### AVAILABLE DATA ###

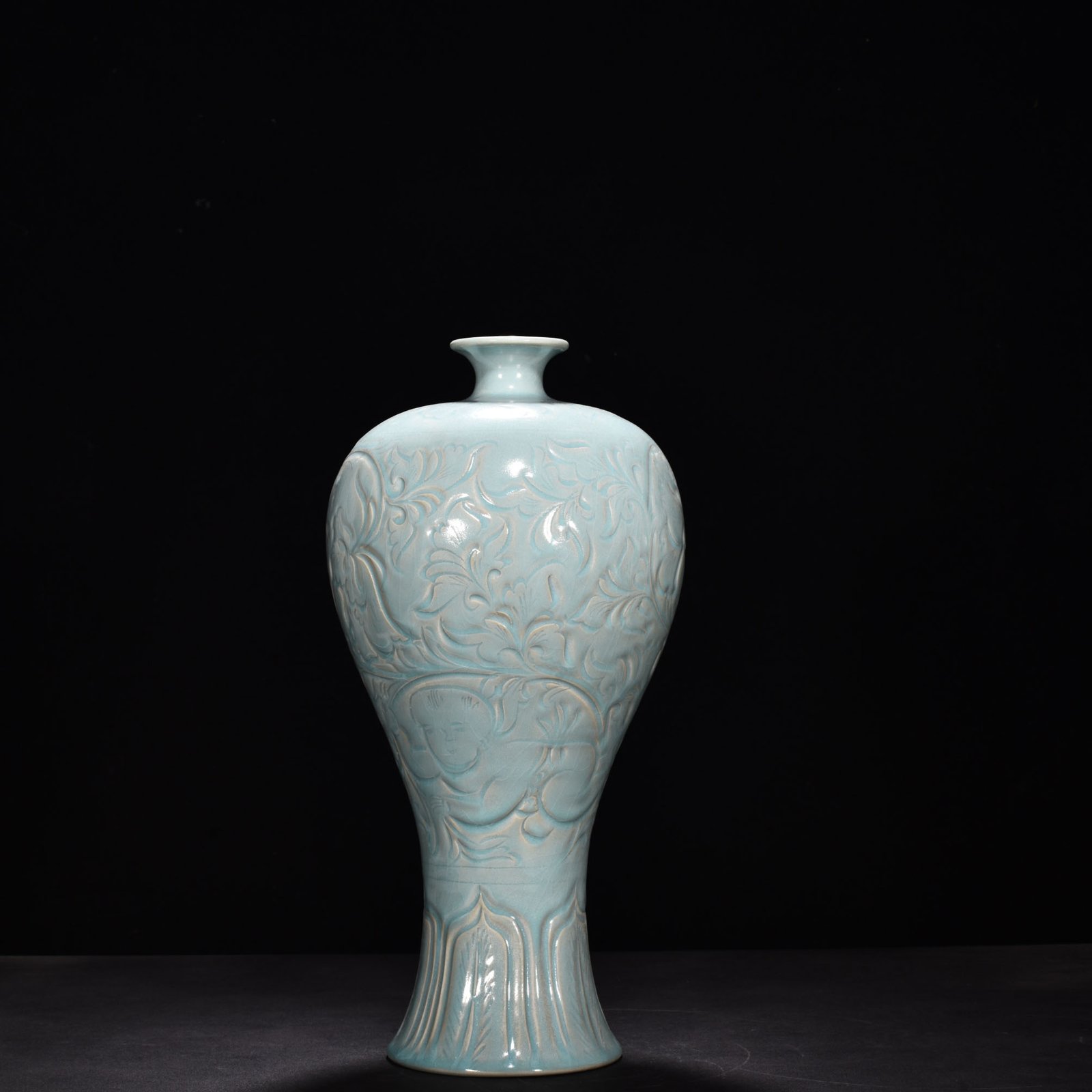 Song Dynasty Ru kiln azure glazed vase with floral patterns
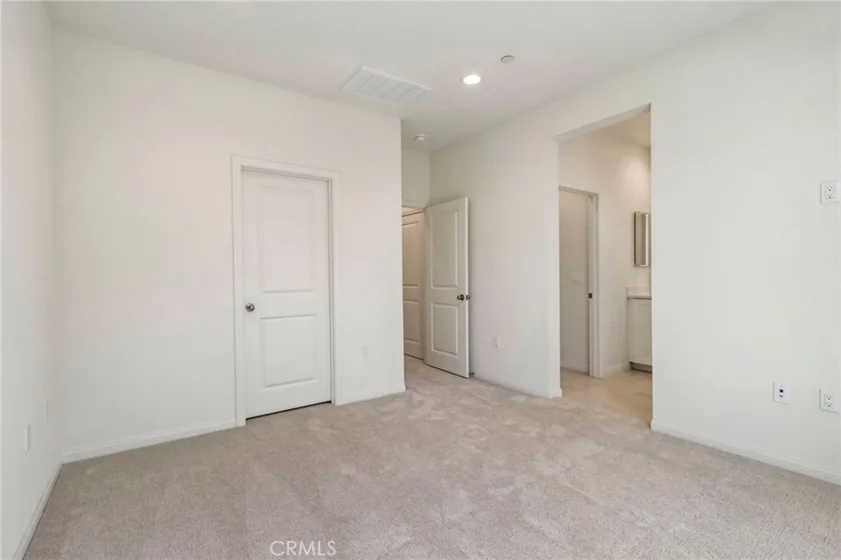 5876 Linden Ave Avenue #7 photo 12
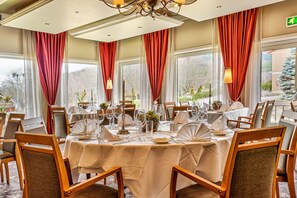 3 restaurants, breakfast served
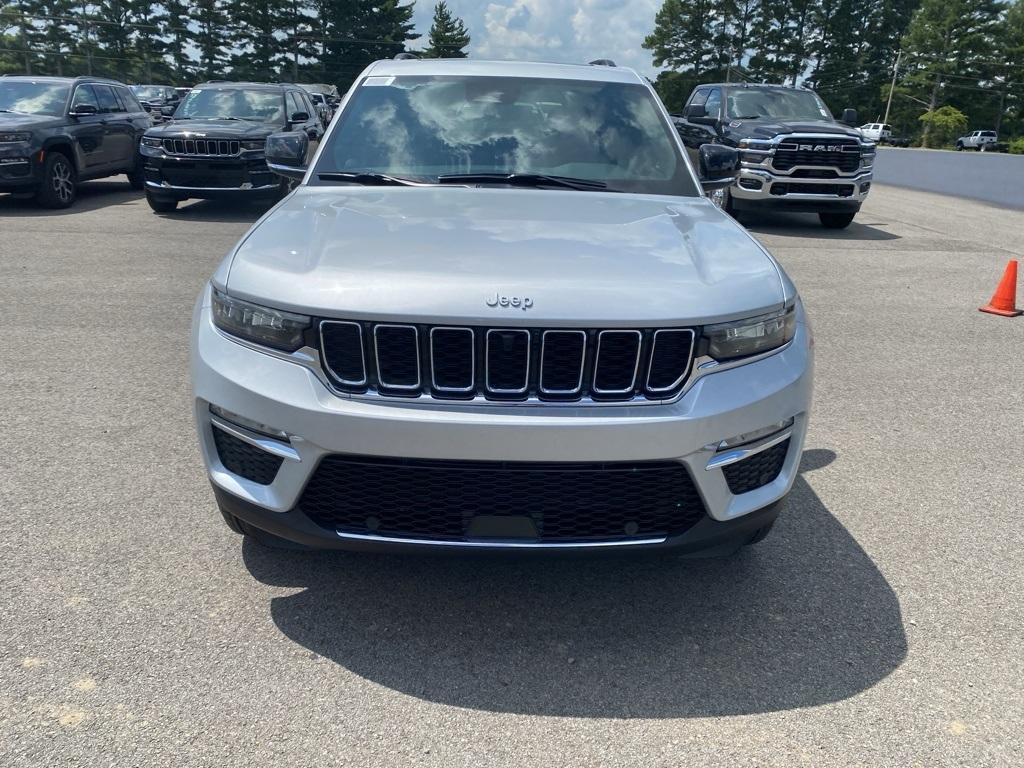 new 2025 Jeep Grand Cherokee car, priced at $47,914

###

Once the pictures are set aside, output the whole listing exactly.

* THE COMPLETED TASK *
 Song Dynasty Ru kiln azure glazed vase with floral patterns
 5876 Linden Ave Avenue #7 photo 12
 3 restaurants, breakfast served
 new 2025 Jeep Grand Cherokee car, priced at $47,914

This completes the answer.